Exercise details: Pictures are to be dropped. Everything else in the listing gets copied exactly.
▶
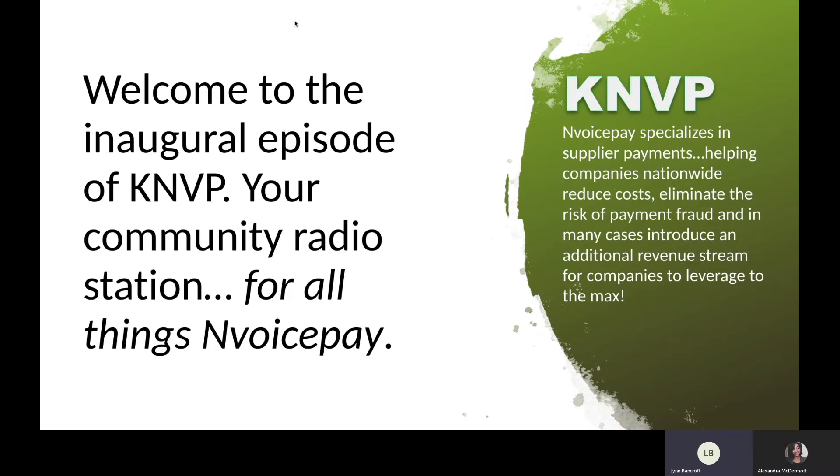Hello, ladies and gentlemen, welcome to the inaugural edition of KNVP. I'm your host, Lynn B. KNVP is your radio station dedicated to all things Nvoicepay. Nvoicepay, of course, specializes in supplier payments.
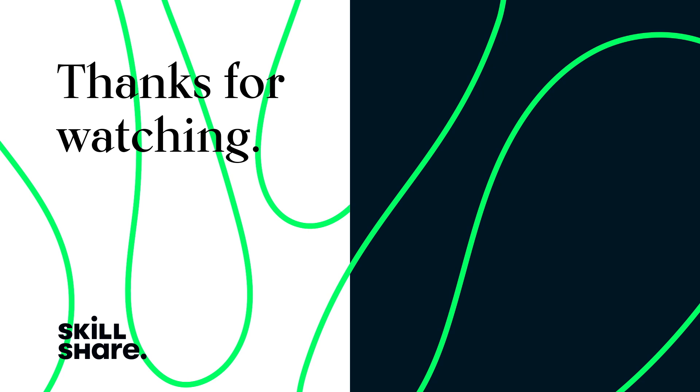Thanks for watching. If you enjoyed this video, feel free to like, and subscribe to stay up to date on all of our latest videos.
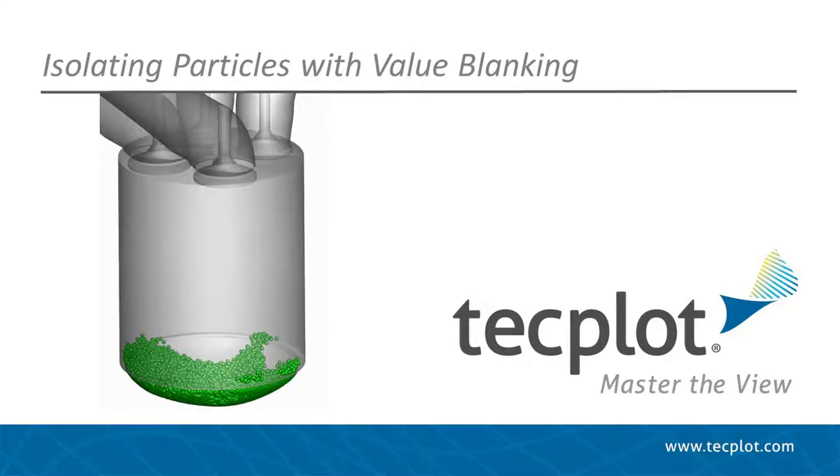In this video, we will see how to use value blanking in TechPlot 360 to isolate parcels of a specific value based on their film flag.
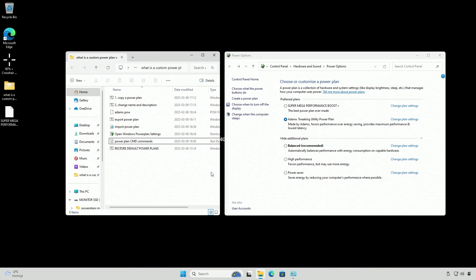If you make a power plan that can beat the AdamX one and you do some benchmarks, I'd be happy to test it also — please send it to me on Discord. Any questions, just hit me up in the comments and I will try to answer them.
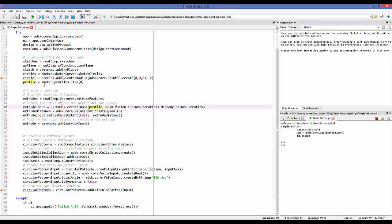I have a profile from the sketch — I did sketch dot profiles, took the first profile, named it profile, and passed it into the extrude. I also pass in the feature operation — in this case the new body feature operation. Now I have created an input object called extrude input. To further define things on this extrude input, we call set distance extent.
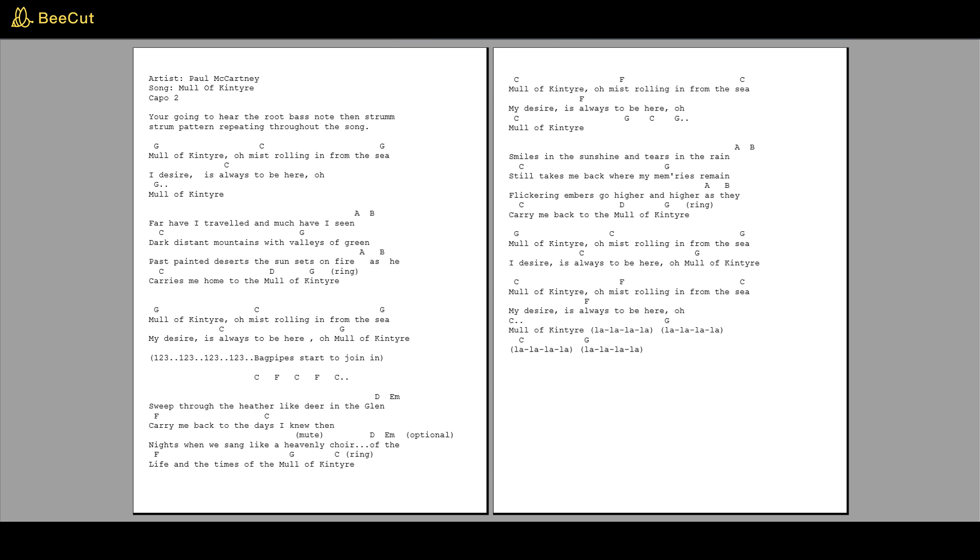Mull of Kintyre, oh mist rolling in from the sea. My desire is always to be here, oh Mull of Kintyre.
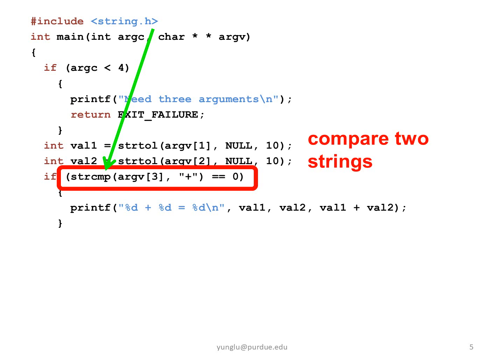If the first string would appear earlier in a dictionary, the function returns a negative value. If the first string would appear later in a dictionary, the function returns a positive value.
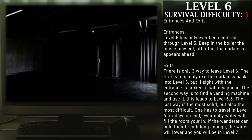Eventually water will fill the room you're in. If the wanderer can hold their breath long enough, the water will lower and you will be in Level 7.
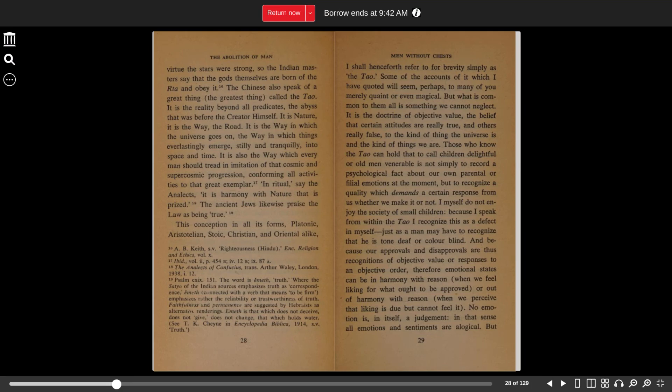This conception in all its forms, Platonic, Aristotelian, Stoic, Christian, and Oriental alike, I shall henceforth refer to for brevity simply as the Tao.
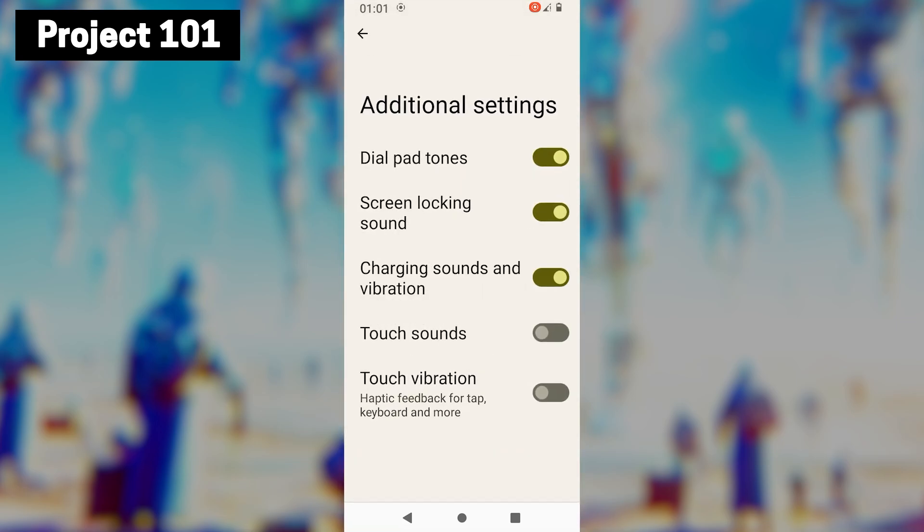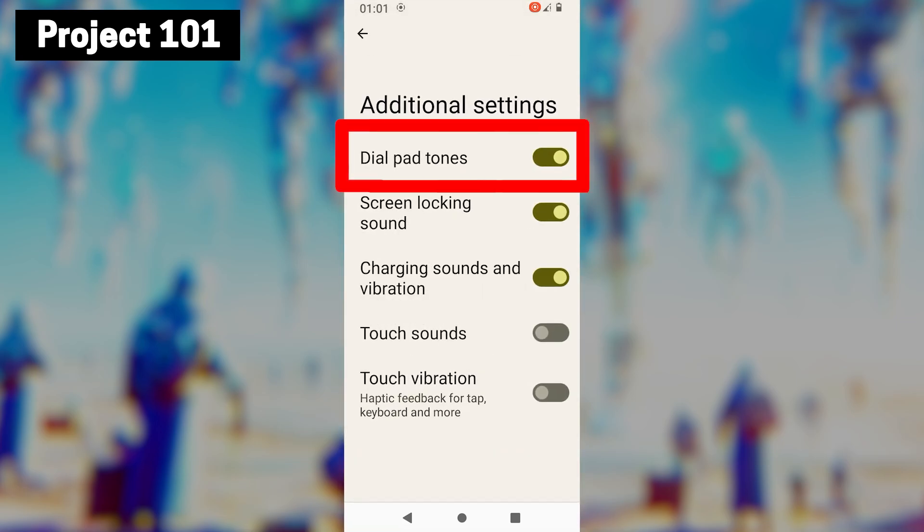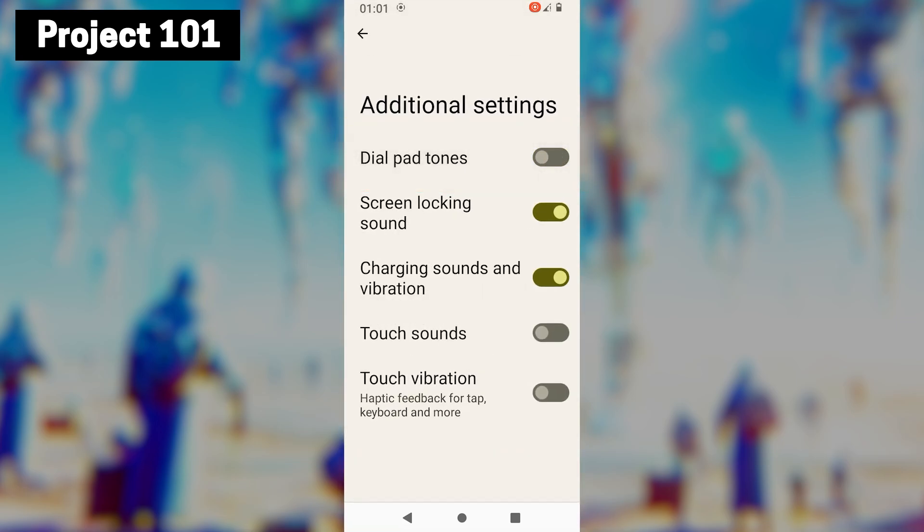You will see a screen like this. Then toggle off the switch next to dialpad tones. And that's it. Your dialpad sounds should now be disabled.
◀
Response to this task:
Hello, ladies and gentlemen, welcome to the inaugural edition of KNVP. I'm your host, Lynn B. KNVP is your radio station dedicated to all things Nvoicepay. Nvoicepay, of course, specializes in supplier payments.
Thanks for watching. If you enjoyed this video, feel free to like, and subscribe to stay up to date on all of our latest videos.
In this video, we will see how to use value blanking in TechPlot 360 to isolate parcels of a specific value based on their film flag.
If you make a power plan that can beat the AdamX one and you do some benchmarks, I'd be happy to test it also — please send it to me on Discord. Any questions, just hit me up in the comments and I will try to answer them.
I have a profile from the sketch — I did sketch dot profiles, took the first profile, named it profile, and passed it into the extrude. I also pass in the feature operation — in this case the new body feature operation. Now I have created an input object called extrude input. To further define things on this extrude input, we call set distance extent.
Mull of Kintyre, oh mist rolling in from the sea. My desire is always to be here, oh Mull of Kintyre.
If the first string would appear earlier in a dictionary, the function returns a negative value. If the first string would appear later in a dictionary, the function returns a positive value.
Eventually water will fill the room you're in. If the wanderer can hold their breath long enough, the water will lower and you will be in Level 7.
This conception in all its forms, Platonic, Aristotelian, Stoic, Christian, and Oriental alike, I shall henceforth refer to for brevity simply as the Tao.
You will see a screen like this. Then toggle off the switch next to dialpad tones. And that's it. Your dialpad sounds should now be disabled.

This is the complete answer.